Japanese animator and animation director (born 1973)

Hiromasa Yonebayashi (米林 宏昌, Yonebayashi Hiromasa), nicknamed Maro (麻呂), is a Japanese animator and director, formerly for Studio Ghibli. After his directorial debut with Studio Ghibli (The Secret World of Arrietty), he became the youngest director of a theatrical film produced by the studio.
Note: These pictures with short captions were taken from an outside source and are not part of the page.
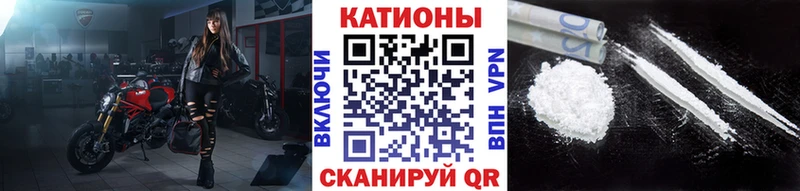 дарнет шоп  Бежецк  МЯУ-МЯУ кристаллы 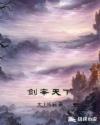 终末的女武神第三季免费观看全集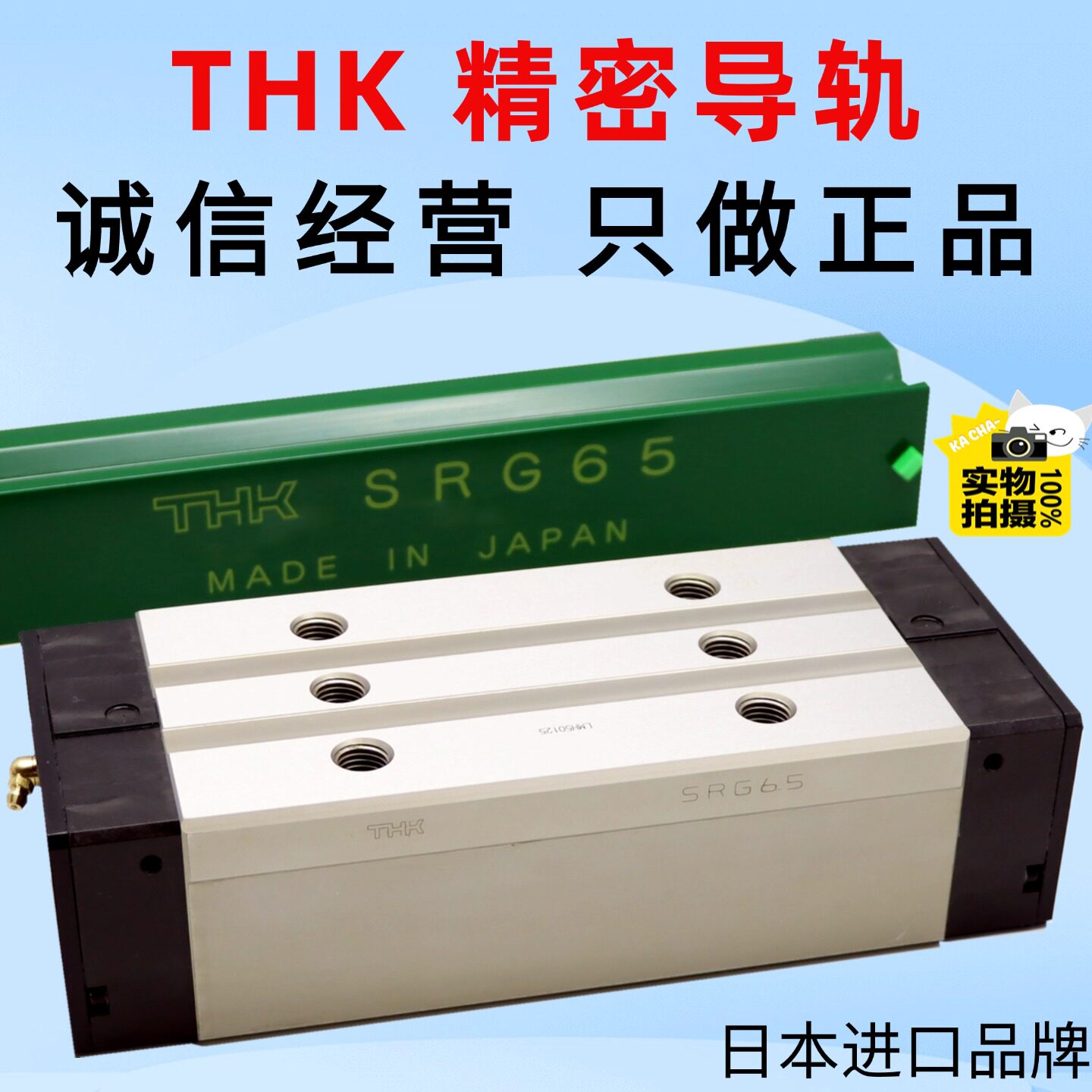 日本THK滚柱滚动导轨SRG15 20 25 30 35 45 55 65C/V/R/LC/LV/LR - 实物图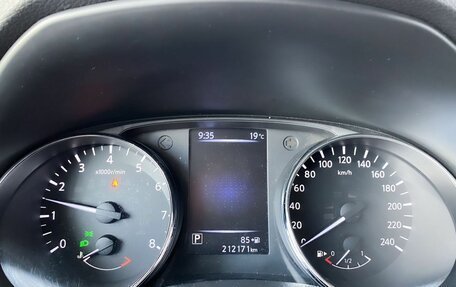 Nissan Qashqai, 2015 год, 1 530 000 рублей, 18 фотография
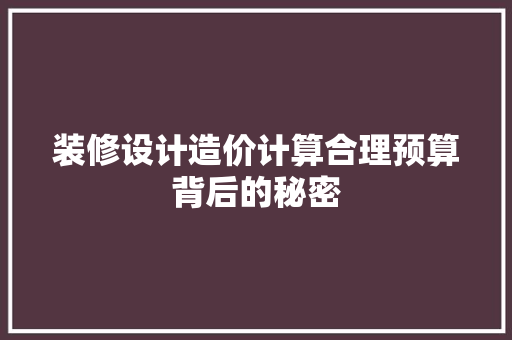 装修设计造价计算合理预算背后的秘密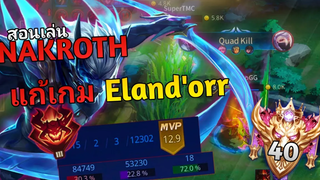 RoV สอนเล่น Nakroth เวลาเกมตาม แก้ทาง Elandorr ด้วยสเต็ปเวียดนาม! ปรับใหม่โคตรโกง!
He was nominated for the Academy Award for Best Animated Feature in 2015 for his second film, When Marnie Was There.

Together with Ghibli producer Yoshiaki Nishimura, Yonebayashi left Studio Ghibli in December 2014 after 18 years, and established Studio Ponoc in June 2015. His first film as director at Studio Ponoc is Mary and the Witch's Flower.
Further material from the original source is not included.